The relationship between Wall Street and Washington blurred the lines too much. As a regulator, its tough to recognize a fundamental flaw in the investing practices of the firms that these people used to work for.

The "good old boy" network was reluctant to admit that they all screwed up.


Well, you don't see what you wouldn't want to see even if it's right in front of your face. And that works collectively in a society as well.

No matter how many people are yelling "soon, we're toast!", you won't hear it if you don't want to imagine such an outcome in the first place.

Boom.


A couple years back, I remember reading an article that argued that housing was way overpriced because the rents were only about half the value of the house. They should be in line with each other.


What do you mean they didn't see it coming?

The Fed engineers this stuff.


Audit the fed: http://www.auditthefed.com/

Whereas: Congress, the Federal Reserve, and the U.S. Treasury have put the American taxpayer on the hook for over $12 trillion in bailouts and loans; and

Whereas: Federal Reserve Chairman Ben Bernanke recently refused to tell Congress who has received trillions in these funds from the Federal Reserve; and

Whereas: Allowing the Fed to operate our nation's monetary system in almost complete secrecy leads to abuse, inflation, and a lower quality of life for every American


Audit the Congress: the AIG bailout was about $180 billion of which about half has already been paid back by the company selling off pieces of itself and the rest might be paid back within 5 years. AIG is cleaning itself up, all of the investment banks have repaid their bailout money, and so have most of the large banks. The estimated cost of the Fannie/Freddie "conservatorship" is $291 billion as of late 2009 and another $389 billion over the next 10 years, almost as much as the war in Iraq up to this point. Guess what, these "companies" are not being unwound, but are actually increasing the size of their mortgage books because cheap housing is still a policy goal.


The banks paid TARP back, with interest. That means the taxpayers made money.


Only if you exclude the AIG bailout (much of which went directly to the banks as counterparties) from the figures...


It is a fucking conspiracy. fed is run by the banks, banks didn't want fed to intervene bc they were making big bonuses and it was good for the people there. duh.

This is an obvious case of corruption of our government. No one was regulating because they didn't want to regulate it.

This is why there needs to be things like campaign finance reform and people should seriously go to jail without chance of being pardoned for these types of crimes.

Willful ignorance of this shit should have been considered aiding & abetting theft.

But no, no one will go to jail because the rich and powerful never go to jail. They didn't get rich and powerful by not being corrupt.

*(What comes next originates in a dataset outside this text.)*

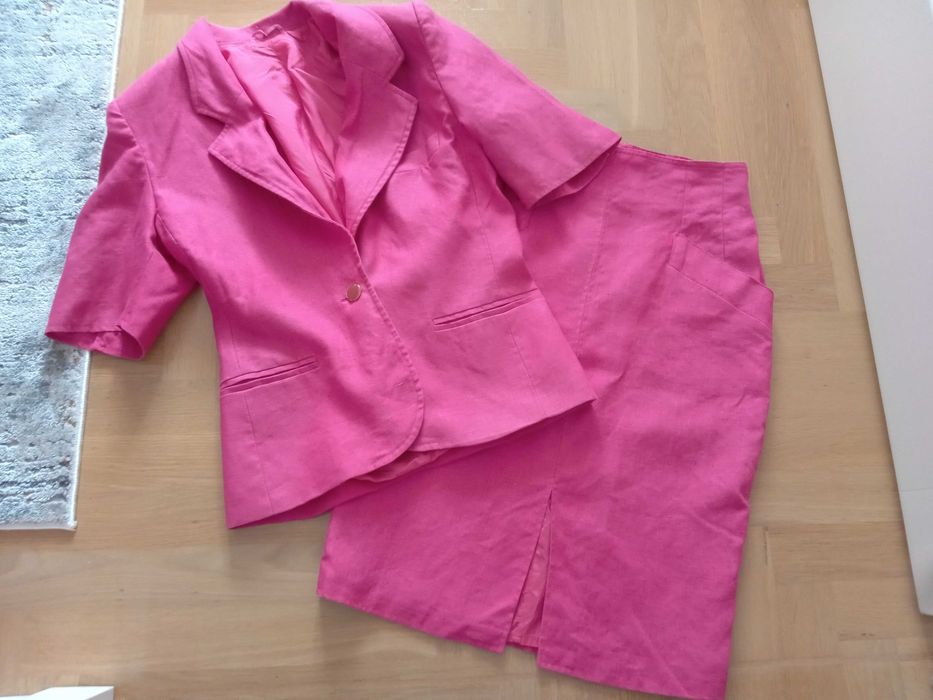 Marella kostium żakiet spódnica marynarka 38 36 vintage róż 100% len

Yes, there is always some conspiracy, but calling it a conspiracy is not nearly enough to actually explain the situation and your gut reaction is lowering the quality of conversation. Also the threat of jail is not enough to fix the problem.


go fuck yourself guy who down-voted me, you are part of the willful ignorance.

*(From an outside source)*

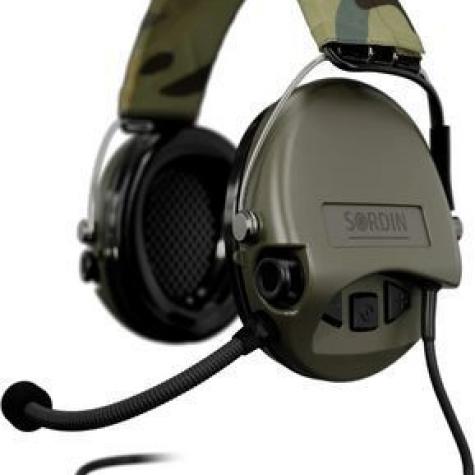 Активные наушники Sordin Supreme MIL CC с верхним держателем. Цвет: зеленый фото 1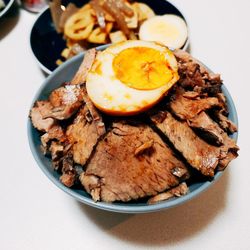 High angle view of breakfast on table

Greenspan was a goddamned Rayndian. Stephen Friedman had super strong ties to goldman sachs, In fact, almost everyone high up in the fed has ties to banking in one form or another. None of the people involved are even interested fair in regulation.

I don't understand why this is controversial. it is a fucking conspiracy and I'm calling it as it is.

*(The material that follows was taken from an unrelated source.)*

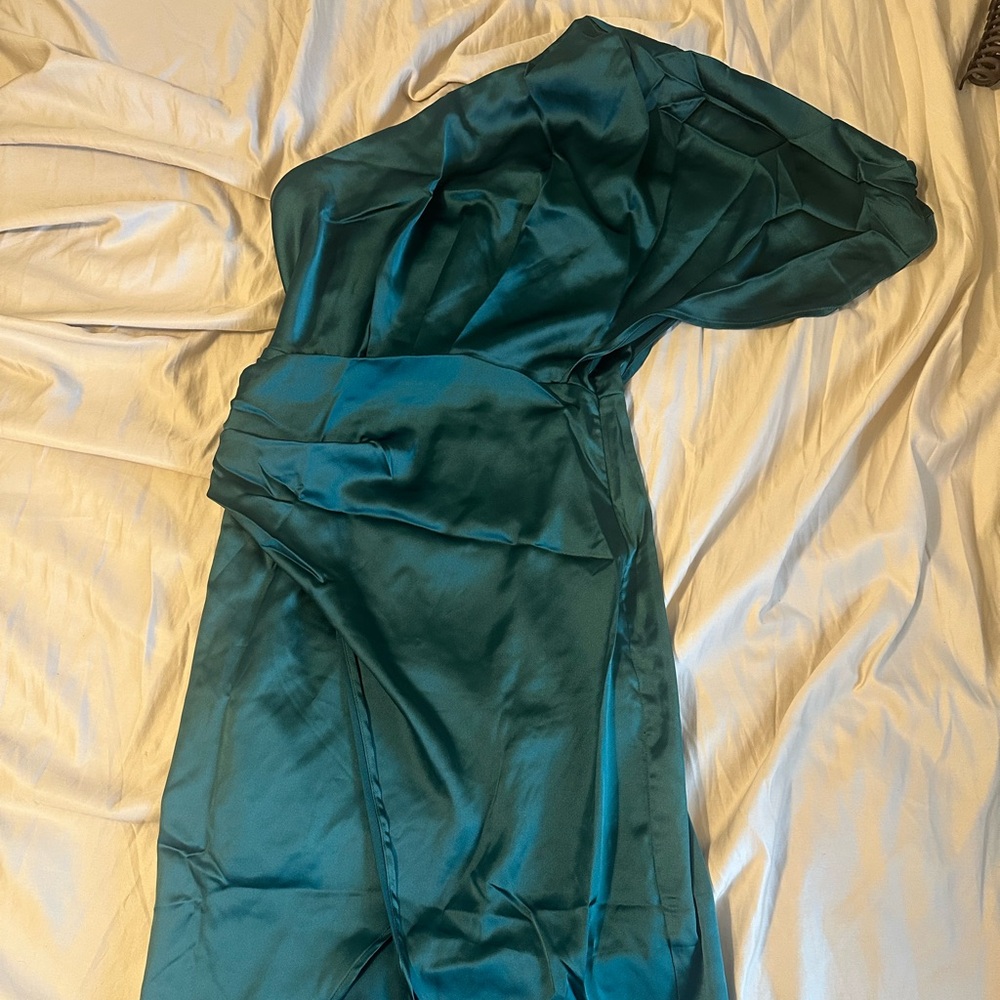 Green satin one shoulder midi dress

Would my post have been better if I had suggested execution, or is the real reason it is downvoted because it is unpopular to call something a conspiracy?

we all tell ourselves these fairy tales about how the world is fair and there are no conspiracies and closed door deals between those in power, but it is all a lie.


Dude. What in the history of Hacker News would make you possibly believe that a post starting with "It's a fucking conspiracy" in earnest would do anything except get brutally downvoted?